Vamos desmembrar essa resposta e explicá-la melhor. O conceito de déficit é muito simples: trata-se da diferença entre as receitas e despesas primárias, isto é, o resultado da subtração entre o que o Estado gera e gasta. As receitas primárias são formadas por tudo aquilo que o Estado gera com arrecadação, como impostos e repasses do governo federal; já as despesas primárias são aquelas contas diretas da administração pública, não só dos Poderes Executivo, Legislativo e Judiciário, mas também todo o arcabouço administrativo do Estado.
Esse déficit de pouco mais de R$ 440 milhões é primário, ou seja, não leva em consideração seus juros e correção monetária. Logo, faz parte de um desequilíbrio maior.
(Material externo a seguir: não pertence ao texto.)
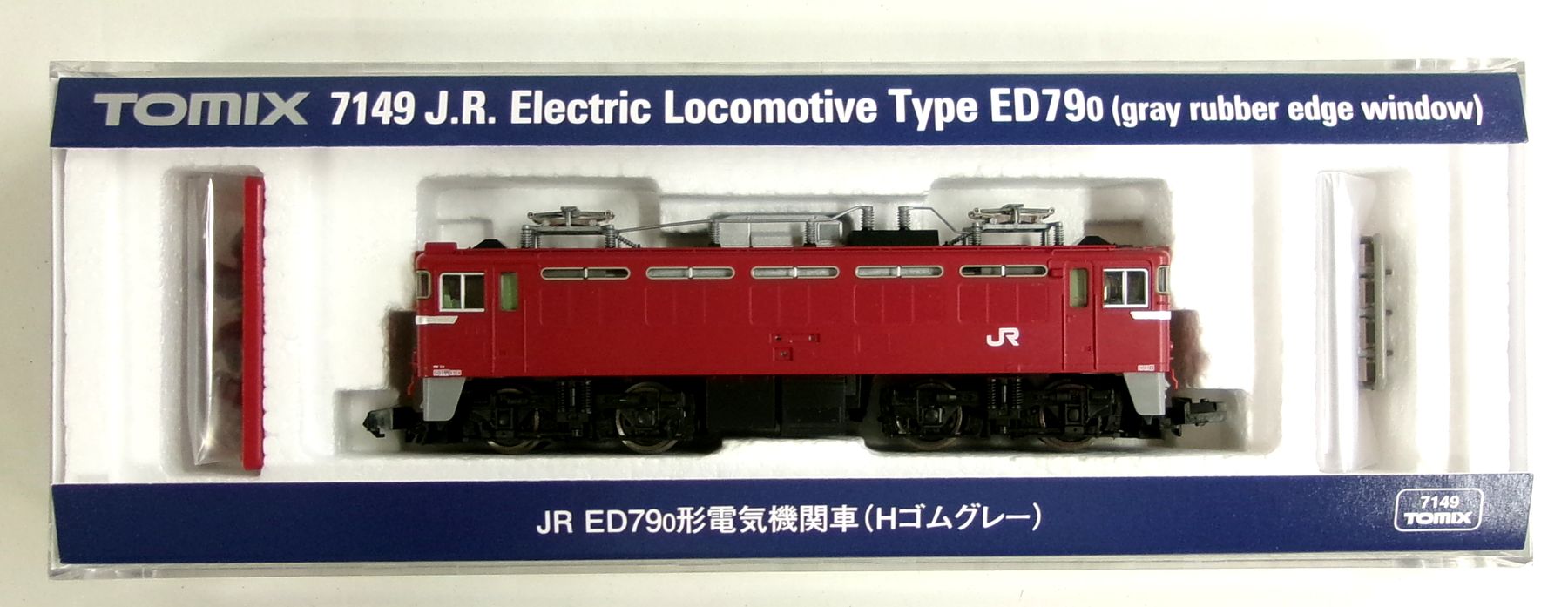 公式]鉄道模型(7149JR ED79-0形 電気機関車 (Hゴムグレー))商品詳細｜TOMIX(トミックス)｜ホビーランドぽち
Trata-se do déficit operacional, que leva em consideração todos os acréscimos tanto de receita quanto de despesa, como investimentos e outras receitas extraordinárias, de outros órgãos, operações de crédito etc. “É quase ter uma visão completa do caixa do Estado: quanto o Estado paga de dívida, quanto toma de empréstimo, quanto há de receita e despesa”, explica Ana Carla. Em 2014, esse descompasso no balanço do orçamento foi de aproximadamente R$ 1,3 bilhão. Neste ano, ele continuará considerável, embora razoavelmente menor.
Investir é preciso, mas pode acabar resultando em problemas
A grande questão é que o déficit primário de Goiás, esse de R$ 440 milhões, foi mantido racionalmente, isto é, por escolha. Segundo a secretária da Fazenda, Ana Carla Abrão, isso ocorreu por um motivo: por causa do ajuste fiscal. Acontece que a Secretaria da Fazenda (Sefaz) calibrou — para usar uma palavra da própria secretária — o ajuste no sentido de que esse déficit, mesmo mantido, não seja grande o suficiente para amplificar uma desaceleração econômica que já está acontecendo.
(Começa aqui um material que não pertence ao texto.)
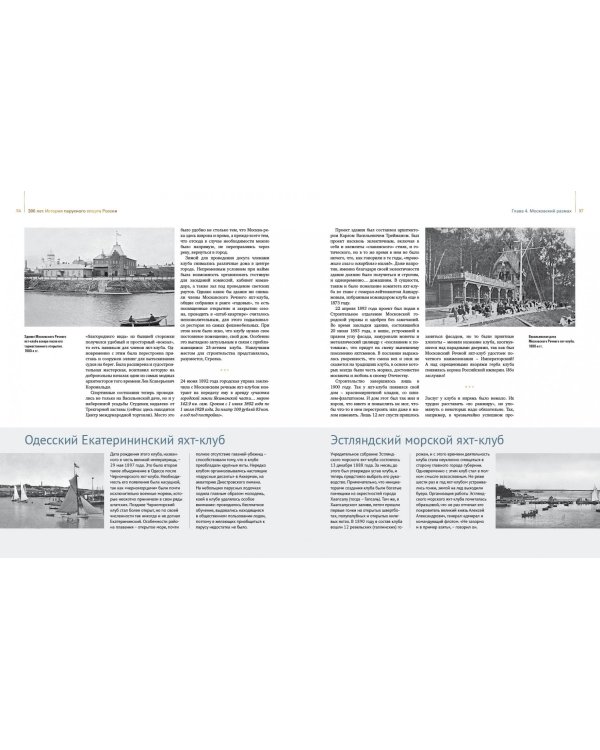 300 лет. История парусного спорта России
Por que manter o déficit? “Optamos por ir com déficit este ano porque a dívida não é um problema e o resultado primário, além de dar sustentabilidade às finanças, tem o objetivo de reduzir a dívida no tempo. Essa é a grande preocupação do ministro [da Fazenda] Joaquim Levy. No nosso caso, como a dívida não é um problema, pois vem declinando ao longo, e deverá declinar mais aceleradamente a partir do ano que vem, pelo perfil dos contratos; optamos por manter o déficit para não exigir financeiramente da economia em um período de desaceleração. Além disso, ele sendo menor, sinaliza o equilíbrio das contas”, explica a secretária.
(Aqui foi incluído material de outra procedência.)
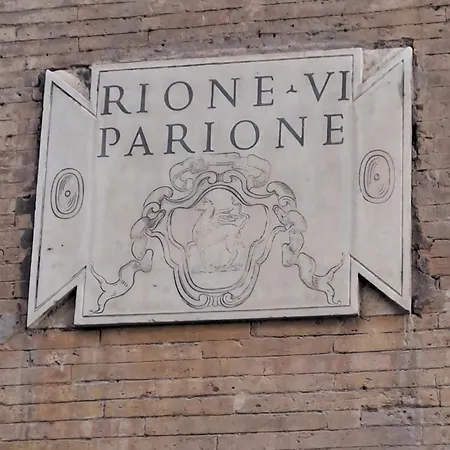 Piazza Dell'orologio *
A dívida não ser um problema para o Estado também é algo a ser esclarecido. Quando a dívida é grande, é necessário que o governo, seja de uma unidade da Federação ou da União, faça uma poupança para garantir seu pagamento. É como o sistema de uma casa: a família conta com os salários e com outras rendas que garantem seu custeio. Porém, há dívidas no longo prazo que geram juros. Então, é preciso guardar uma parte do dinheiro para que esses juros não se acumulem e sufoquem a família no futuro. Mas isso só é possível se as despesas correntes não forem maiores que os ganhos. Se isso ocorrer, não há como economizar para pagar depois.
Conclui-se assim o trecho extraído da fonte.